ほとんどの人が気になっているのが、「旧S2000と比べて速いのか?」という点。ネット上でも、雑誌でもそういった比較がよくあるし、自分でも気にはなるのですがそれをもって2200cc版が乗りやすいとか、旧2000ccはトルクが細くて玄人向きだとかという単純な話ではないように感じます。

サーキット走行のタイムを比較して速いとか遅いとかいう風潮もあるようですが、それはある限定された場所で同じ腕をもったドライバーがたまたま出したタイムであって、車自身のある一面しか表しません。速い遅いでいえばエンジンのレブリミットが引き下げられたことと、ギア比がローギアードされたことによりシフトアップポイントが変わり、従来2速でいけたところが(ギアが足りなくなって)3にあげなければいけないところなど、いわゆる「ギアが合わないコーナー」とか出てくるシチュエーションではかえってタイムロスする可能性があります。

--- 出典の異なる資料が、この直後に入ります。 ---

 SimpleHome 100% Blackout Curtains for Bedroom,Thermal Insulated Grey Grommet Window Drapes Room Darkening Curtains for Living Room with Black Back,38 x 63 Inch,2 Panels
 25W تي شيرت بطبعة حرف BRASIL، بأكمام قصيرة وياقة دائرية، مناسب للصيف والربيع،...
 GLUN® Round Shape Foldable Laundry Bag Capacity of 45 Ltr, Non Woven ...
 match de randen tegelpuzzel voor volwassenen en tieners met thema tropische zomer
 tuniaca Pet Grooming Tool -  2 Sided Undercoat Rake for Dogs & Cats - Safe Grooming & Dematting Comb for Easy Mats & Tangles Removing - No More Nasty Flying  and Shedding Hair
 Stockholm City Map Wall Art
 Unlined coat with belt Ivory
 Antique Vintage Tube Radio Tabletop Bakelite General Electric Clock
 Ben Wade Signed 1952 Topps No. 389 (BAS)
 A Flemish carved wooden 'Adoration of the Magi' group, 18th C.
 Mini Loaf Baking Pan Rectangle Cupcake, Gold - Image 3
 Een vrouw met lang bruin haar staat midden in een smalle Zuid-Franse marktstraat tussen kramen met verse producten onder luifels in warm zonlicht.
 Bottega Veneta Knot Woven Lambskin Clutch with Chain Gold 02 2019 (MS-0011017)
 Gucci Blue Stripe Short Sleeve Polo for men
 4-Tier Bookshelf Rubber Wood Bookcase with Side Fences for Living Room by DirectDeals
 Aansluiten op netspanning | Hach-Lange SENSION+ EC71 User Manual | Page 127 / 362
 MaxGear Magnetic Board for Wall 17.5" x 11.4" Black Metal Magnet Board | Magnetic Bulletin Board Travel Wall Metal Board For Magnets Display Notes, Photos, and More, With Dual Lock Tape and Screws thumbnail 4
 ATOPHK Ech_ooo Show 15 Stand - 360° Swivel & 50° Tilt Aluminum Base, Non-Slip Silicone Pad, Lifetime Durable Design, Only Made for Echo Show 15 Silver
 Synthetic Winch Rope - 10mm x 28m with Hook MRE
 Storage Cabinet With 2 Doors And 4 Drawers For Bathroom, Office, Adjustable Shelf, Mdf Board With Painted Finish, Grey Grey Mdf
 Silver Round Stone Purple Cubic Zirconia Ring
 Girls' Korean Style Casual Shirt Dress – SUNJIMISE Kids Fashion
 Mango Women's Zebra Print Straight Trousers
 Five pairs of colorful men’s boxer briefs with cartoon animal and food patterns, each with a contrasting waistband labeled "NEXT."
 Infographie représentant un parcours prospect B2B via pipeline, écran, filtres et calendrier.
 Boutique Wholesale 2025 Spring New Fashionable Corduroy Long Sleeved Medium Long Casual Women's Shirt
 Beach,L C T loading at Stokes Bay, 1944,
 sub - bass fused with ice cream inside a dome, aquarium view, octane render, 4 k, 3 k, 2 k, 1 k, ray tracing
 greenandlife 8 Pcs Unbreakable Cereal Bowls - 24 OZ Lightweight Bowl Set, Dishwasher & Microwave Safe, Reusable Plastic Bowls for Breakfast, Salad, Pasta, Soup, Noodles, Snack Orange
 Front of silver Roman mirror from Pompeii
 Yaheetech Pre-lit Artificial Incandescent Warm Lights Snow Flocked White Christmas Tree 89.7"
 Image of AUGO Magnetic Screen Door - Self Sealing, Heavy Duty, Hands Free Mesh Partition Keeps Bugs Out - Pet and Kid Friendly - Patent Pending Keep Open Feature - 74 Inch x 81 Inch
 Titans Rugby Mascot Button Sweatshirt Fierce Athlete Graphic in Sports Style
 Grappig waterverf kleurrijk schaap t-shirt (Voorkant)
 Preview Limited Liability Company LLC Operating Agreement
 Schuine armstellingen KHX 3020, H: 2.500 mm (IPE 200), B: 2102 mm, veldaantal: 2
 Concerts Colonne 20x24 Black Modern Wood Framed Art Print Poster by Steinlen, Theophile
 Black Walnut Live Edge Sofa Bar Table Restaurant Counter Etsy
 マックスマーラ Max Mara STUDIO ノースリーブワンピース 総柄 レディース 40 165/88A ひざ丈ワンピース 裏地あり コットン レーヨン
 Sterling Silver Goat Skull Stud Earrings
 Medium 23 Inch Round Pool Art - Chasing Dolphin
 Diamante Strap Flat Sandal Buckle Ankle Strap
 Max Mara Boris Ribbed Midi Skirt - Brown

シフトをさぼって4000回転でぼやーっとアクセルONして立ち上がるところではトルクとローギアード化されたギアで瞬発力はあることは間違いないでしょうが、そういうのを楽しみたいなら私はZ33がより良いと思います。あの強大な3500ccのトルクでグイグイと前に推し進めてくれることでしょう。

競技で考えると2000ccより上と下でクラスが変わることが多く、そうなるとAP1(1998cc)とAP2(2156cc)では別クラスの車となり、比較になりません。ですのでサーキットでコンマ何秒を比較するのは実は余り的確な比較ではないのかなと感じてきています。

多くのユーザーはストリートでどう感じるか、なので「走りの質」が大事なのでは。走りの質でいうとS2000の良さというのはエンジンではなくって、そのシャーシ性能にあると最近分かってきました。とにかくハンドルに素直です。エンジンが完全に車軸の後ろにのっている、フロントミッドシップ構造になっていて、50:50の重量バランスを保っている点、これがハンドリングに寄与しているようです。50:50の重量バランスをとるのは他の車でもできているようですが、エンジンが完全に車軸より後ろというのはなかなか見れません。そのためシビックよりも重いのに、フロント荷重はシビックよりも軽く、ステアリングに敏感に反応してくれます。

リアはというとLSDやらサスペンションを換えたのでノーマルとは違うんですけど、トラクションがかかって前に進んでくれるところがいいですね。逆にドリフトには向きませんが。

車のもっともいいところだと思っているのは、ドライバーが運転をする点です。つまりどんなに良い車でもドライバーがへぼだとへぼいし、遅い車であっても良いドライバーが運転すると、スムースに走ったりします。ドライバーの良し悪しが車の最終的な性能を決定するところが憎いです。

またドライビングの楽しみはスポーツカーだけのものではありません。どんな車でも運転できることはそれ自体が楽しいことで、その楽しみが伝わる車はより良いでしょう。車の運転が楽しく、ワクワクすること、これが素敵なカーライフの秘訣だと思います。

その領域においてフィーリングは重要で、サスペンションをかえた、アーシングした、エアロをつけたなどなどで変化を感じることはどんな車であっても楽しめると思います。

皆さんが素敵なカーライフを今年も送れますように。